Valery2511 commented 4 years ago

@CamDavidsonPilon, may be you will be interested, I also apply a file with the results of comparison of the baseline functions not only of R and Python but also of STATA (the dataset is the same - test.xlsx): Compare_baseline_functions_R_Python_STATA.xlsx

The most interesting thing is that all three programs give three slightly different results:)

Code in STATA:

#### Data download:
import excel "test.xlsx", sheet("Sheet1") firstrow
sort id months

#### Run the model:
stset months, id(id) failure(event)
stcox var_const, efron

#### Calculate baseline cumulative hazard function:
predict S0_hazard_cumulative, basechazard

#### Calculate baseline survival function:
predict S0_baseline_survivor, basesurv  
PortlandMichelle commented 2 years ago

Hello - I'm having a similar issue. I've fit the same model in CoxTimeVaryingFitter and R's Survival coxph function. Coefficients are the same (or similar enough) but baseline cumulative hazards are quite different. This post caught my eye and I was wondering if anything ever came of it?

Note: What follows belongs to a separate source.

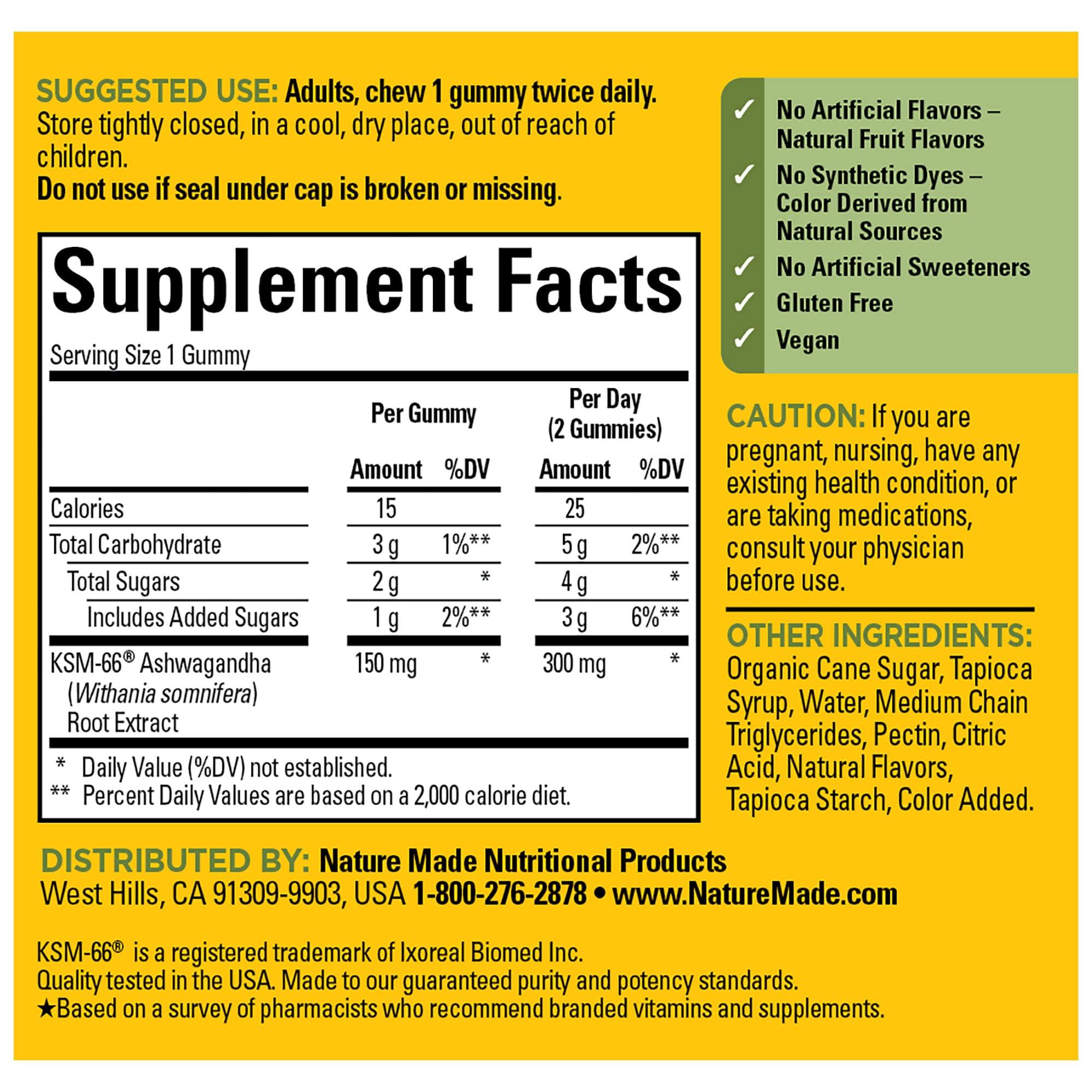 Nature Made Nature Made Ashwagandha Gummies, Vegan, KSM 66 Ashwagandha for Stress Support, 60 Count, 30 Day Supply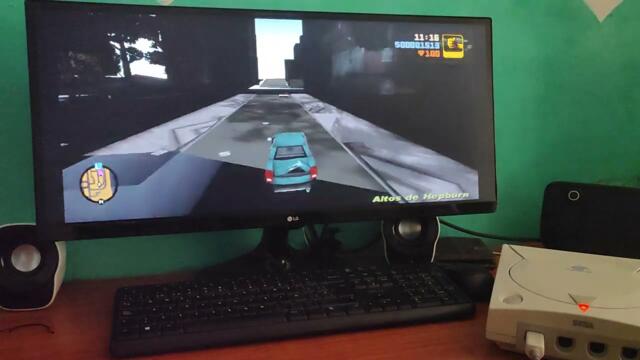 GTA III on stock 16 mb Dreamcast 21:9 Aspect Ratio.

CamDavidsonPilon commented 2 years ago

Hi @PortlandMichelle. Hard to say what might be going on without seeing the dataset used. Can you reproduce it with a small synthetic dataset?

PortlandMichelle commented 2 years ago

Hello - TBH I discovered the difference using a data set that I would not be able to share (due to confidentiality concerns), so I replicated it with the data provided in this post by the original poster. I find the identical results they did (in their original screen shot at the top of this post). That's why I was hoping there'd been some analysis using that data set that helped illuminate the issue back in 2020. But if you're able to do some investigation now, if we could both use the original data when this question was originally made, that would be great.